Cavendish, acuado, foi ao encontro de Paulo Fernando, a quem pediu que levasse um apelo a Cabral, no sentido de evitar que a empresa não fosse declarada inidônea. No meio da conversa, Paulo Fernando lhe entregou o anel. Foi então que Cavendish percebeu que já não havia mais nada a fazer. Para ele, o gesto dizia tudo. A amizade, inciada em 2003, havia chegado ao fim.
Na delação, o empresário está citando outros episódios que ajudam os investigadores a entender como cresceu tanto nos dois governos de Sérgio Cabral – entre 2009 e 2010, foram R$ 538 milhões em contratos com seis órgãos do Estado do Rio. Mas, para o próprio Cavendish, o anel da Van Cleff é a peça mais simbólica do tipo de relação que Cabral estabeleceu com os empreiteiros.
Um ano antes do rompimento da amizade entre Cavendish e Cabral, a queda de um helicóptero no Sul da Bahia expôs a relação íntima entre os dois. Na tragédia morreram a namorada de seu filho Marco Antônio Cabral, Mariana Noleto, a mulher do empreiteiro e sua irmã, Fernanda, e filho de ambas, e ainda a babá Norma Batista de Assunção e o piloto da aeronave, o empresário Marcelo Almeida, presidente do First Class Group e dono do Jacumã Ocean Resort, para onde ia o grupo.
u2 – cabral Em outro episódio, em abril de 2012, fotos publicadas no blog do ex-governador Anthony Garotinho mostraram Cabral e os então secretários Wilson Carlos (Governo) e Sérgio Côrtes (Saúde) numa viagem a Paris na companhia de Fernando Cavendish. Numa das imagens, Wilson Carlos e Sérgio Côrtes dançam abraçados com Cavendish.
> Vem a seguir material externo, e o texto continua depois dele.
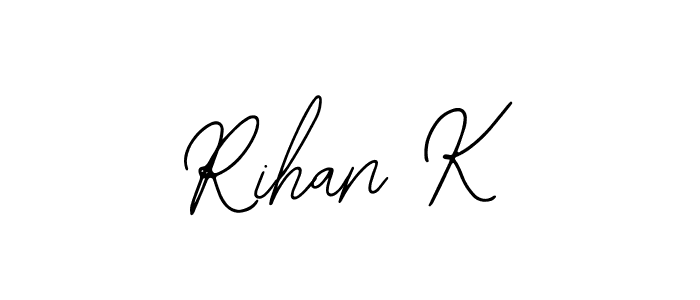 if you are searching for the best signature style for your name Rihan K. so please give up your signature search. here we have designed multiple signature styles  using Bearetta-2O07w. Rihan K signature style 12 images and pictures png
O clima de comemoração era tanto que o grupo, bem desinibido, usou guardanapos amarrados na cabeça. Em outra sequência, Cabral é visto sorridente posando para fotos ao lado de Cavendish que, agachado, parece brincar com a situação. Na mesma foto, estava o conselheiro do Tribunal de Contas do Estado (TCE), Aloysio Neves.
Cavendish, segundo amigos próximos, procura apresentar-se às autoridades como uma pessoa disposta a colaborar. Ele garantiu que continua tendo credibilidade junto a outros diretores e funcionários da Delta, o que poderá encorajá-los a também contribuir. Como não pode sair de casa, usa parte do tempo para recordar episódios que podem fortalecer a sua delação.
Procurado pelo GLOBO, o empresário disse que está impedido de falar com a imprensa em decorrência de sua situação judicial. Paulo Magalhães não foi encontrado.
Em nota à redação o ex-governador Sérgio Cabral disse que “não tem como se posicionar sobre supostas declarações cujo conteúdo desconhece.”